Records for this task:
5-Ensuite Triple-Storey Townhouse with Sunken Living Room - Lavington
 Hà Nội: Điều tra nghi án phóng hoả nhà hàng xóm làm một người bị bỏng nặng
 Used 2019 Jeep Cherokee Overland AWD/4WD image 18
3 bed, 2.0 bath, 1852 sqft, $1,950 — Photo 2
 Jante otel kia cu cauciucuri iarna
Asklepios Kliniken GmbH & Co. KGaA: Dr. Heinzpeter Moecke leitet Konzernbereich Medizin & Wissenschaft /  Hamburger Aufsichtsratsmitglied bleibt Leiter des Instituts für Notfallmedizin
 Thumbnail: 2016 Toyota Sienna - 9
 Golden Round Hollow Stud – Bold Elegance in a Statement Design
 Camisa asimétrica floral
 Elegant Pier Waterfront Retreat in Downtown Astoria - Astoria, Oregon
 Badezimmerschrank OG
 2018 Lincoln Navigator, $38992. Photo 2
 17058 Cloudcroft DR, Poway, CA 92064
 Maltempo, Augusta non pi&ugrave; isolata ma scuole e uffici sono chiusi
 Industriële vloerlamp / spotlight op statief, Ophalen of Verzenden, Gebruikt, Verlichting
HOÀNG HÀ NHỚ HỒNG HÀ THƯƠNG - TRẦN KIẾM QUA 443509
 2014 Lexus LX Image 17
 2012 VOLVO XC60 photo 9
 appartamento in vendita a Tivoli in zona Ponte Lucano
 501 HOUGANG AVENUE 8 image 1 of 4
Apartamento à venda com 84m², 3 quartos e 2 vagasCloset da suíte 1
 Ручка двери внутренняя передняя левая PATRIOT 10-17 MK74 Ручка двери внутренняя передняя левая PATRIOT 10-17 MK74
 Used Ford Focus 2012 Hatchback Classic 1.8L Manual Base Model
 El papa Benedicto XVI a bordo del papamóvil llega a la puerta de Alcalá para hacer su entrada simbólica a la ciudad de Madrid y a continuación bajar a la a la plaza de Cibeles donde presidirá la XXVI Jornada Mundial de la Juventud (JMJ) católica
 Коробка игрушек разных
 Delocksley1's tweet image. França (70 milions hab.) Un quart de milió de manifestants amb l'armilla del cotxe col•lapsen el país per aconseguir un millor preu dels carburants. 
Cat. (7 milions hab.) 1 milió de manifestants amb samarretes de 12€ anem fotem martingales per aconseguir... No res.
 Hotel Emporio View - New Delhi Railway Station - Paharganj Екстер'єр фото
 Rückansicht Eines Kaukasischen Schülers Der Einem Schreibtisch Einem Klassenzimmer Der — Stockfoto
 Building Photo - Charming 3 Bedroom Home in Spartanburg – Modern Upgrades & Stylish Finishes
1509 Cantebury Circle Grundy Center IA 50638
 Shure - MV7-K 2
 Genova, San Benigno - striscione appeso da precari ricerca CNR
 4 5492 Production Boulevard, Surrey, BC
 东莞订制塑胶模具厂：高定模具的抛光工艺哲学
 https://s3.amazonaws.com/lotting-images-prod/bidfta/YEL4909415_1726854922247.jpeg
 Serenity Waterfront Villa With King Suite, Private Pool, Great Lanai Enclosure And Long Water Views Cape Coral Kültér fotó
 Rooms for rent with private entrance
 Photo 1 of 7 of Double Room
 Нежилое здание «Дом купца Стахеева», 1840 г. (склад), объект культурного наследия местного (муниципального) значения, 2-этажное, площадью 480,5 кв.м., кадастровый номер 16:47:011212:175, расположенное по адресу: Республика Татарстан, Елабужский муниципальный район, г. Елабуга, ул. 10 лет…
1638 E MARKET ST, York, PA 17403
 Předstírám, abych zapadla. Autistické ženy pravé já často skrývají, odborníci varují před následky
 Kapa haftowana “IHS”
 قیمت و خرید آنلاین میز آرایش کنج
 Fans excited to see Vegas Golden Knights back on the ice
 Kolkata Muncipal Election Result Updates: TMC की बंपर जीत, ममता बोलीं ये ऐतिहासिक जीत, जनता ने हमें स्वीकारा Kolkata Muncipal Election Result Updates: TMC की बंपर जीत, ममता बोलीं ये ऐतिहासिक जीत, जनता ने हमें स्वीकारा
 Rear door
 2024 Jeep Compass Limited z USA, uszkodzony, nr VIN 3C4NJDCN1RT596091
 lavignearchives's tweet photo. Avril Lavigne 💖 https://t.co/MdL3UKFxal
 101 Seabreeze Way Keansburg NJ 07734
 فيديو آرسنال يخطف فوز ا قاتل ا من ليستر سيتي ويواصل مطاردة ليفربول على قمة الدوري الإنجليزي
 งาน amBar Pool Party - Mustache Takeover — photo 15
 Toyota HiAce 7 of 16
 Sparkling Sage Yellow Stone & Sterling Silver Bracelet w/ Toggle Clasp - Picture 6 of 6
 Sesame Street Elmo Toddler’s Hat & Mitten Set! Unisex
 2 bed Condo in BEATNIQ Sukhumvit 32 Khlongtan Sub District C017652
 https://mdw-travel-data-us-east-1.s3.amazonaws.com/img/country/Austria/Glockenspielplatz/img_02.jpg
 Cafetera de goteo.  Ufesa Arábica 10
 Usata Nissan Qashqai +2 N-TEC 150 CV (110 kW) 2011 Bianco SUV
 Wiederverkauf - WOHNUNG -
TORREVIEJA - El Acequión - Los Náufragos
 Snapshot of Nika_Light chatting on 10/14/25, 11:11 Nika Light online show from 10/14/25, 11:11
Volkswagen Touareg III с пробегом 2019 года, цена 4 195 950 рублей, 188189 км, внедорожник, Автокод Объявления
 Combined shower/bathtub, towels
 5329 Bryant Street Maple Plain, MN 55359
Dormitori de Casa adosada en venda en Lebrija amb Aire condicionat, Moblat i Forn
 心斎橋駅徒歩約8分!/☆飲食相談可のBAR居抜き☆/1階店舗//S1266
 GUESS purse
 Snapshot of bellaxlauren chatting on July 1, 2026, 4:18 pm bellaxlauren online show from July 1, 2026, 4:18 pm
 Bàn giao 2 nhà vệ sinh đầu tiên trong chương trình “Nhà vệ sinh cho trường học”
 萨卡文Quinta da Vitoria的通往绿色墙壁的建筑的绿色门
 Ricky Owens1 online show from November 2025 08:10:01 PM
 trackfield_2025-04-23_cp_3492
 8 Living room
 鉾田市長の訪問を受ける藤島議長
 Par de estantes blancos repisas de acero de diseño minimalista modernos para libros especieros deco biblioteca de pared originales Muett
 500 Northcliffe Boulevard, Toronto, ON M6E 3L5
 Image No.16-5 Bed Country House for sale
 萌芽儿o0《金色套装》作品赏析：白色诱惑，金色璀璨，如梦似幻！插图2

Task instructions: Transcribe all records exactly as written.

Completed task:
5-Ensuite Triple-Storey Townhouse with Sunken Living Room - Lavington
 Hà Nội: Điều tra nghi án phóng hoả nhà hàng xóm làm một người bị bỏng nặng
 Used 2019 Jeep Cherokee Overland AWD/4WD image 18
3 bed, 2.0 bath, 1852 sqft, $1,950 — Photo 2
 Jante otel kia cu cauciucuri iarna
Asklepios Kliniken GmbH & Co. KGaA: Dr. Heinzpeter Moecke leitet Konzernbereich Medizin & Wissenschaft /  Hamburger Aufsichtsratsmitglied bleibt Leiter des Instituts für Notfallmedizin
 Thumbnail: 2016 Toyota Sienna - 9
 Golden Round Hollow Stud – Bold Elegance in a Statement Design
 Camisa asimétrica floral
 Elegant Pier Waterfront Retreat in Downtown Astoria - Astoria, Oregon
 Badezimmerschrank OG
 2018 Lincoln Navigator, $38992. Photo 2
 17058 Cloudcroft DR, Poway, CA 92064
 Maltempo, Augusta non pi&ugrave; isolata ma scuole e uffici sono chiusi
 Industriële vloerlamp / spotlight op statief, Ophalen of Verzenden, Gebruikt, Verlichting
HOÀNG HÀ NHỚ HỒNG HÀ THƯƠNG - TRẦN KIẾM QUA 443509
 2014 Lexus LX Image 17
 2012 VOLVO XC60 photo 9
 appartamento in vendita a Tivoli in zona Ponte Lucano
 501 HOUGANG AVENUE 8 image 1 of 4
Apartamento à venda com 84m², 3 quartos e 2 vagasCloset da suíte 1
 Ручка двери внутренняя передняя левая PATRIOT 10-17 MK74 Ручка двери внутренняя передняя левая PATRIOT 10-17 MK74
 Used Ford Focus 2012 Hatchback Classic 1.8L Manual Base Model
 El papa Benedicto XVI a bordo del papamóvil llega a la puerta de Alcalá para hacer su entrada simbólica a la ciudad de Madrid y a continuación bajar a la a la plaza de Cibeles donde presidirá la XXVI Jornada Mundial de la Juventud (JMJ) católica
 Коробка игрушек разных
 Delocksley1's tweet image. França (70 milions hab.) Un quart de milió de manifestants amb l'armilla del cotxe col•lapsen el país per aconseguir un millor preu dels carburants. 
Cat. (7 milions hab.) 1 milió de manifestants amb samarretes de 12€ anem fotem martingales per aconseguir... No res.
 Hotel Emporio View - New Delhi Railway Station - Paharganj Екстер'єр фото
 Rückansicht Eines Kaukasischen Schülers Der Einem Schreibtisch Einem Klassenzimmer Der — Stockfoto
 Building Photo - Charming 3 Bedroom Home in Spartanburg – Modern Upgrades & Stylish Finishes
1509 Cantebury Circle Grundy Center IA 50638
 Shure - MV7-K 2
 Genova, San Benigno - striscione appeso da precari ricerca CNR
 4 5492 Production Boulevard, Surrey, BC
 东莞订制塑胶模具厂：高定模具的抛光工艺哲学
 https://s3.amazonaws.com/lotting-images-prod/bidfta/YEL4909415_1726854922247.jpeg
 Serenity Waterfront Villa With King Suite, Private Pool, Great Lanai Enclosure And Long Water Views Cape Coral Kültér fotó
 Rooms for rent with private entrance
 Photo 1 of 7 of Double Room
 Нежилое здание «Дом купца Стахеева», 1840 г. (склад), объект культурного наследия местного (муниципального) значения, 2-этажное, площадью 480,5 кв.м., кадастровый номер 16:47:011212:175, расположенное по адресу: Республика Татарстан, Елабужский муниципальный район, г. Елабуга, ул. 10 лет…
1638 E MARKET ST, York, PA 17403
 Předstírám, abych zapadla. Autistické ženy pravé já často skrývají, odborníci varují před následky
 Kapa haftowana “IHS”
 قیمت و خرید آنلاین میز آرایش کنج
 Fans excited to see Vegas Golden Knights back on the ice
 Kolkata Muncipal Election Result Updates: TMC की बंपर जीत, ममता बोलीं ये ऐतिहासिक जीत, जनता ने हमें स्वीकारा Kolkata Muncipal Election Result Updates: TMC की बंपर जीत, ममता बोलीं ये ऐतिहासिक जीत, जनता ने हमें स्वीकारा
 Rear door
 2024 Jeep Compass Limited z USA, uszkodzony, nr VIN 3C4NJDCN1RT596091
 lavignearchives's tweet photo. Avril Lavigne 💖 https://t.co/MdL3UKFxal
 101 Seabreeze Way Keansburg NJ 07734
 فيديو آرسنال يخطف فوز ا قاتل ا من ليستر سيتي ويواصل مطاردة ليفربول على قمة الدوري الإنجليزي
 งาน amBar Pool Party - Mustache Takeover — photo 15
 Toyota HiAce 7 of 16
 Sparkling Sage Yellow Stone & Sterling Silver Bracelet w/ Toggle Clasp - Picture 6 of 6
 Sesame Street Elmo Toddler’s Hat & Mitten Set! Unisex
 2 bed Condo in BEATNIQ Sukhumvit 32 Khlongtan Sub District C017652
 https://mdw-travel-data-us-east-1.s3.amazonaws.com/img/country/Austria/Glockenspielplatz/img_02.jpg
 Cafetera de goteo.  Ufesa Arábica 10
 Usata Nissan Qashqai +2 N-TEC 150 CV (110 kW) 2011 Bianco SUV
 Wiederverkauf - WOHNUNG -
TORREVIEJA - El Acequión - Los Náufragos
 Snapshot of Nika_Light chatting on 10/14/25, 11:11 Nika Light online show from 10/14/25, 11:11
Volkswagen Touareg III с пробегом 2019 года, цена 4 195 950 рублей, 188189 км, внедорожник, Автокод Объявления
 Combined shower/bathtub, towels
 5329 Bryant Street Maple Plain, MN 55359
Dormitori de Casa adosada en venda en Lebrija amb Aire condicionat, Moblat i Forn
 心斎橋駅徒歩約8分!/☆飲食相談可のBAR居抜き☆/1階店舗//S1266
 GUESS purse
 Snapshot of bellaxlauren chatting on July 1, 2026, 4:18 pm bellaxlauren online show from July 1, 2026, 4:18 pm
 Bàn giao 2 nhà vệ sinh đầu tiên trong chương trình “Nhà vệ sinh cho trường học”
 萨卡文Quinta da Vitoria的通往绿色墙壁的建筑的绿色门
 Ricky Owens1 online show from November 2025 08:10:01 PM
 trackfield_2025-04-23_cp_3492
 8 Living room
 鉾田市長の訪問を受ける藤島議長
 Par de estantes blancos repisas de acero de diseño minimalista modernos para libros especieros deco biblioteca de pared originales Muett
 500 Northcliffe Boulevard, Toronto, ON M6E 3L5
 Image No.16-5 Bed Country House for sale
 萌芽儿o0《金色套装》作品赏析：白色诱惑，金色璀璨，如梦似幻！插图2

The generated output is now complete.